Even though similies should be used sparingly, metaphors should be used even more sparingly still. As I wrote earlier, it's perfectly fine to overdo in your first draft, but be careful in your final one.

One of the easiest ways to create imagery is through a simple analogy. "The garden path is a maze of twists and turns" is a simple analogy, neither a similie nor a metaphor. We aren't comparing the garden path to a dissimilar thing.

A zeugma is a rarely used comparative technique, but when it's done right, it can be very beautiful. A zeugma is simply a word that's used twice, in two different ways.

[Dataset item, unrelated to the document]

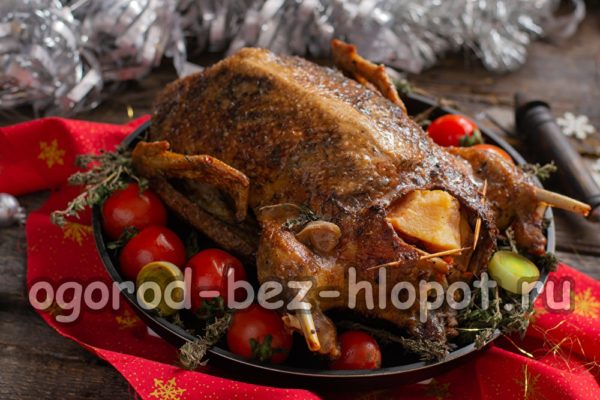 El pato relleno de chucrut ya está listo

One of the best examples of a zeugma is from the Paul Simon song, "Duncan" and goes like this: "Holes in my confidence, holes in the knees of my jeans."

In the first case, of course, the word "holes" is metaphorical; in the second, it's literal.

Repetition can be a powerful device to use in writing, but be extra careful not to overdo this one. Faulkner often repeated a word in a paragraph that had appeared in the immediately preceeding one as a way of tying his work together. It worked beautifully for him, but remember, none of us are Faulkner...yet.

You can repeat phrases and images as well. Just be careful or you'll render this powerful device ineffective.

Irony is saying the opposite of what's really meant. If one of your characters is sitting and crying her eyes out and another character walks by and asks, "Well, happy now?" that's irony.
Irony should be obvious in the statement itself. You shouldn't have to tell your reader a character is speaking in an ironic manner.

Character names often mean quite a lot to some authors. A character can be named "Hope" or "Solita" for very good reasons other than the fact that the author simply likes the sound of the name. The unreliable male narrators in Irish author John Banville's books almost always have highly significant names. "Max Morden," the protagonist of Banville's 2005 Booker winning novel The Sea is one. So is the family called "the Graces."

A character has to have a name that "fits," but a character doesn't have to have a name that's significant. In fact, if you choose to use a significant name, you should limit it to one character only or it's going to be way too obvious to even the dullest reader.

The use of symbols is another way to add beautiful imagery to your fiction writing. I love symbols. I could write a book about symbols and nothing else. But I won't.

If you choose to include a symbol or symbols in your writing, you need to be very, very subtle about it. For example, we all know the Statue of Liberty symbolizes freedom, but to use this in a story would be trite and cliche, it's so obvious. However, the cooing of a mourning dove to symbolize sadness or melancholy could be used effectively. Withered and faded flowers could symbolize a death of some kind. Rain is often used to symbolize many things, some of them happy and some sad depending on the story and how the symbol is used.

Don't, for heaven's sake, tell your reader what your symbol means. It's your job to choose the right symbol and integrate it into the story perfectly; it's the reader's job to be perceptive enough to know what it means.

One of my favorite symbols is the green light on the Buchanan's dock in F. Scott Fitzgerald's quintessential novel of the Jazz Age, The Great Gatsby. What does it mean? It's your job to figure it out. Fitzgerald was a masterful writer and he wisely didn't tell us.

Ninety-nine percent of the stories I read contain no imagery or contain imagery used in the wrong way. More than ninety-nine percent of the stories I read could benefit from one of more of the techniques of imagery used in the right way.

Writers of short stories have so many tools at their disposal. We aren't like the screenwriter or the poor playwright who must forego description. Make use of these techniques to deepen your story and to increase the emotional power and beauty of your prose. If you overuse them at first, that's fine. Overusing them is one way to learn to use them judiciously. Using them judiciously and properly is a very, very good way to catch the eye of an editor or publisher. And that, I think, is one of the goals of almost everyone who writes.